AN ENTITY’S PERSISTENCE may yet net it a share in a precious local jewel.
If our sources are right as usual, it seems that Government may change its position on a vital deal in order to get the cash it needs.
Usually reliable sources told Cou Cou that the authorities have begun talking in earnest about how they can sell the choice asset to the two interested parties – the resolute foreign-owned entity and the local one, which was chosen.
The discussion now reportedly surrounds the percentage of ownership each company will have. That is, whether it will be split 50-50 or 51-49.
The major hurdle the authorities face in reversing their earlier decision is how, at this late stage, they can get this abrupt turnaround past the regulators who have everything in hand. There is also the possible fall-out too they may face from their first choice suitor.
Why the change of heart?
Cou Cou was told it comes down to Government’s desperate need for cash. And given the prospect of a long, legal battle from the persistent entity which has deep pockets, it decided it would be better to split up the jewel than fight.
If Government has indeed thrown in the proverbial towel to secure the cash it needs, the next question is how are they going to explain to the public their sudden compulsion to ensure that both businesses get a piece of the precious jewel and not just one, as they were adamant about doing?
Once bitten, twice shy
IF OUR Democratic Labour Party-led Government goes to the International Monetary Fund for a bail-out from the fiscal grave they have dug for Barbados, it will have a historical problem to overcome.
The Washington-based body may find it difficult to trust the Government’s words because they were reportedly burnt by a DLP administration in 1991.
An aspect of that story was recently related on Facebook by the man who prepared the documentation for Barbados to go to the IMF back then.
Retired permanent secretary and economist Charlie Skeete, in response to a post recently, wrote: “Some of the comments made here makes it sound as though we chose to go to the IMF in 1990-91. The plain truth is we had no choice. Other comments seem to suggest that the 1990-91 programme was our last IMF Programme. It wasn’t. Still other comments seem to suggest it was our finest hour.

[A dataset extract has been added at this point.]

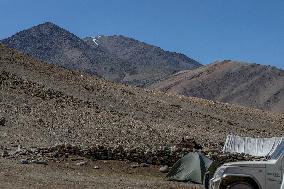 Nike logo, snow cap, mountains, tent, car, Himalyas, Ladakh, Kashmir, India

It wasn’t.
“Among other things about which we should not be proud, and which ultimately cost us dearly, is that we took advantage of the IMF belief that we could be trusted to keep our word and that we were an ideal candidate for a less doctrinaire IMF approach.
“Much to the embarrassment of the IMF, we broke the agreement before the loan was fully disbursed and the team leader was denied her promotion.
“As a result, other IFIs (international financial institutions) withheld financing until there was a change of government and this prevented the programme from achieving a number of its goals.
The incoming government promptly amended the Constitution to make a cut in wages and salaries unconstitutional.”
If Skeete’s recollections are accurate, and if the IMF has a long institutional memory, Barbados may be faced with an inflexible, iron-clad agreement that allows no wiggle room.